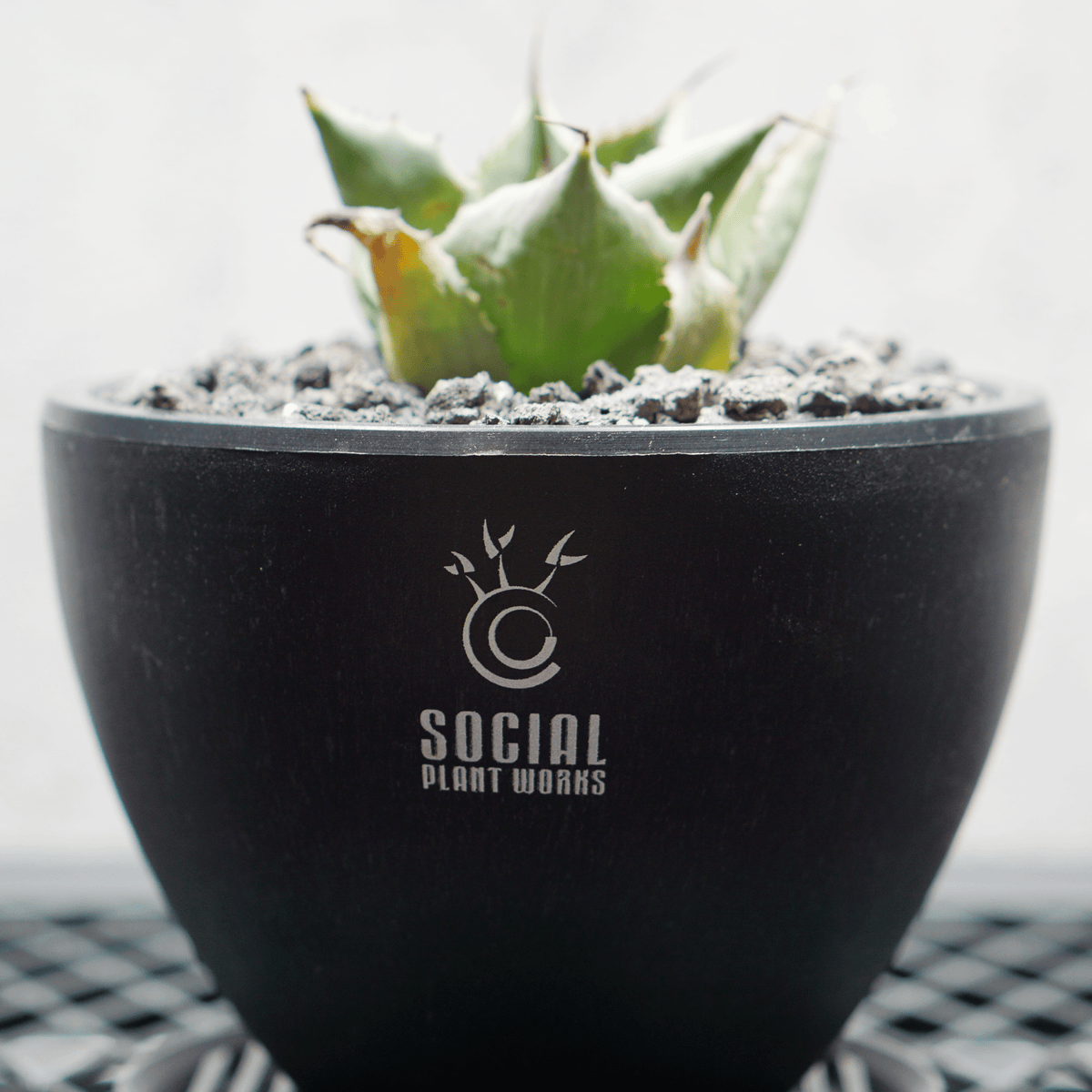 アガベ ポタトルム 風雷神03 LOGO ECO POT SIZE S 3.5号サイズ鉢 受け皿セット 商品画像4｜SOCIAL PLANT WORKS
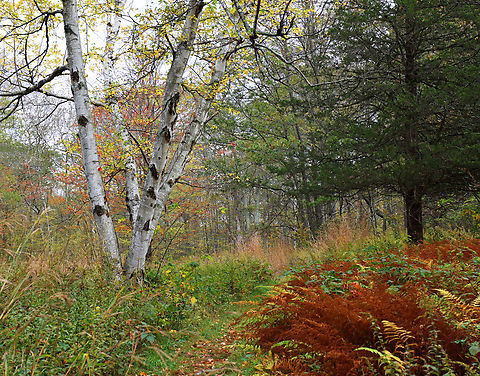 Paper Birch - Betula papyrifera This is a typical "meadow" scene where I live. It's just an overgrown clearing in a forest. There are often birch trees and conifers, plus ferns and other short plants.

Habitat: Meadow separating coniferous forest from deciduous Betula papyrifera,Fall,Geotagged,United States,betula,birch,canoe birch,paper birch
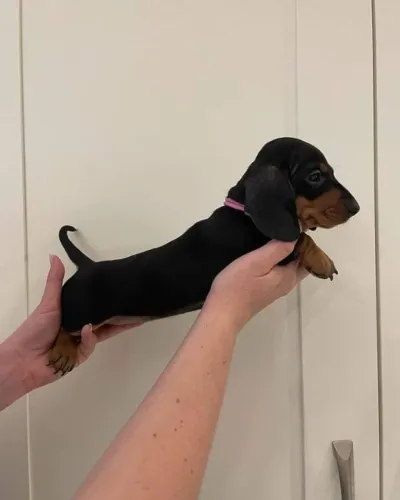 Dachshund Que Faz A Companhia Ganhar Outro Sentido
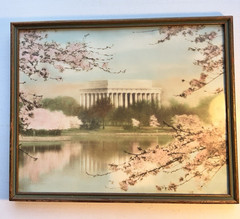 Vintage Hand Colored Original Photo Washington DC Cherry Blossoms DC Wood Frame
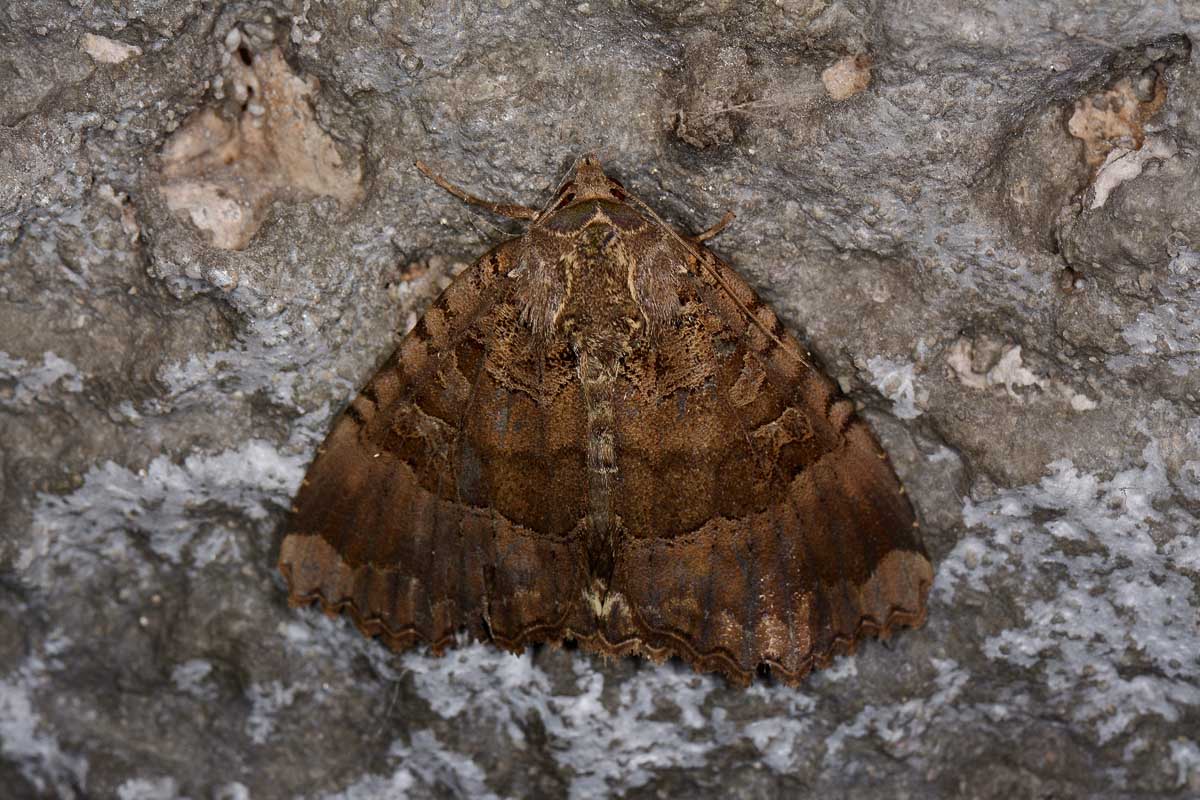 Noctuidae di galleria - Mormo maura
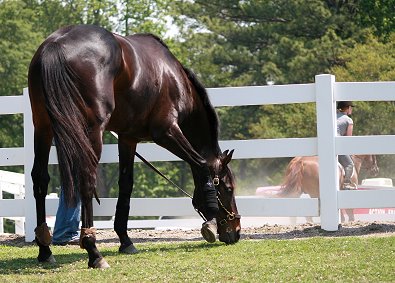 Our bay-by Bounced attended his first horse show as an auditor.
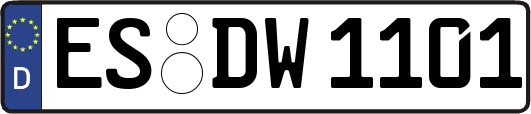 ES-DW1101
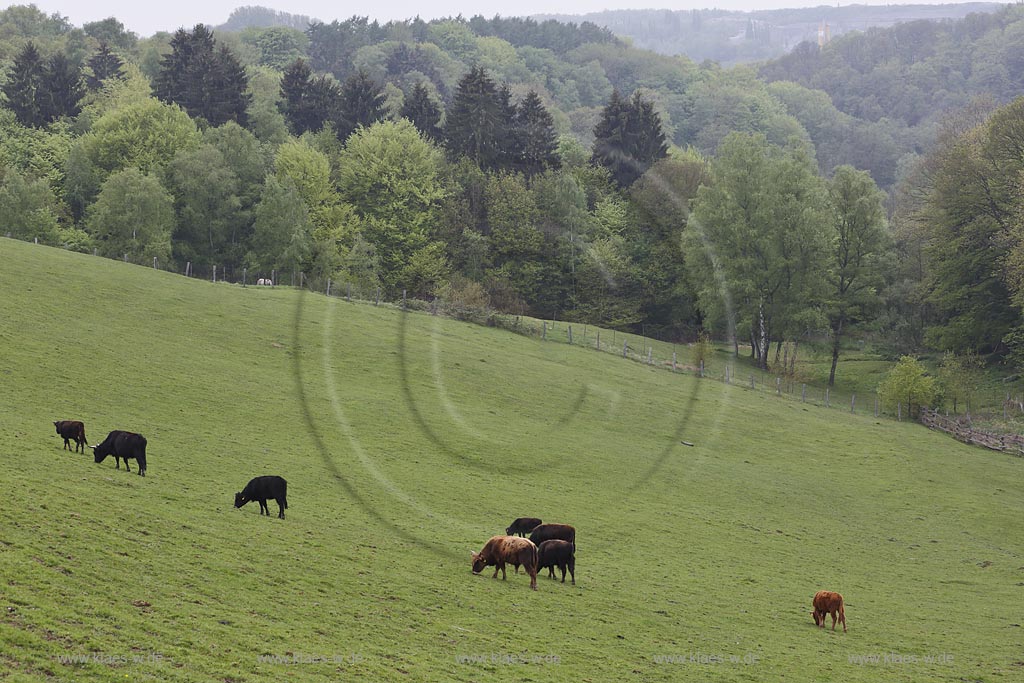 Erkrath, Neandertal Wildgehege Herde Auerochsen in der Landschaft;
************
Prompt:
Leave every image out when you return the material above word for word.

Exercise output:
 アガベ ポタトルム 風雷神03 LOGO ECO POT SIZE S 3.5号サイズ鉢 受け皿セット 商品画像4｜SOCIAL PLANT WORKS
 Paper Birch - Betula papyrifera This is a typical "meadow" scene where I live. It's just an overgrown clearing in a forest. There are often birch trees and conifers, plus ferns and other short plants.

Habitat: Meadow separating coniferous forest from deciduous Betula papyrifera,Fall,Geotagged,United States,betula,birch,canoe birch,paper birch
 Dachshund Que Faz A Companhia Ganhar Outro Sentido
 Vintage Hand Colored Original Photo Washington DC Cherry Blossoms DC Wood Frame
 Noctuidae di galleria - Mormo maura
 Our bay-by Bounced attended his first horse show as an auditor.
 ES-DW1101
 Erkrath, Neandertal Wildgehege Herde Auerochsen in der Landschaft;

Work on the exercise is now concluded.